Do you begin with the rising tide of cybercrime that promises to cost the world $10.5 trillion annually by 2025? How about the skills crisis — an industry-wide dearth of expert labour that’s making the day-to-day operation of a cybersecurity function a persistent headache? And, if the everyday and ordinary are difficult, what happens when disaster strikes and it turns out there aren’t enough hands on deck to handle a coordinated cyber attack, natural disaster, or other significant disruption?

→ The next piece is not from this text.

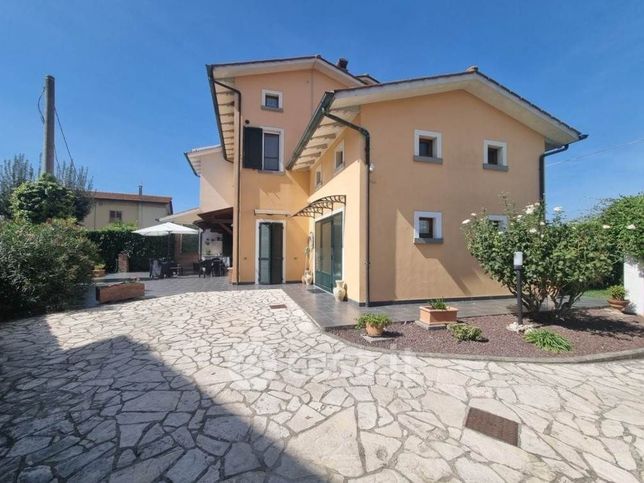 Casa bi/trifamiliare in residenziale in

What about the ongoing tripfalls and headwinds presented by legacy technology? Security protocols and compliance procedures developed over decades with increasingly outdated technology are proving more and more to be just the sort of weak points that bad actors like to exploit.
Empowering cyber defences
Disruptive new technologies promise to put powerful tools into the hands of cyber professionals, plugging gaps with automation and empowering their cyber defences with artificial intelligence (AI). But the bad actors creating the need for increased cybersecurity have new toys to play with as well. Generative AI-powered phishing templates, democratised ransomware for hire, and sophisticated state-sponsored hacking campaigns are consistently ratcheting up the ambient cyber risk, something geopolitical tensions and an ever-shifting landscape of regulatory compliance only serve to exacerbate.
“The main challenge we’re dealing with is overcoming the disconnect between cybersecurity and business goals”
Piotr Topor, Director of Information Security and Governance at LSC Communications, thinks about all these things. As an experienced cybersecurity leader with over a decade in the industry, he’s spent a long time thinking about the problems facing his industry. I spoke to him about his unique approach to the skills shortage, implementing new technologies, and cultivating a cyber-conscious culture.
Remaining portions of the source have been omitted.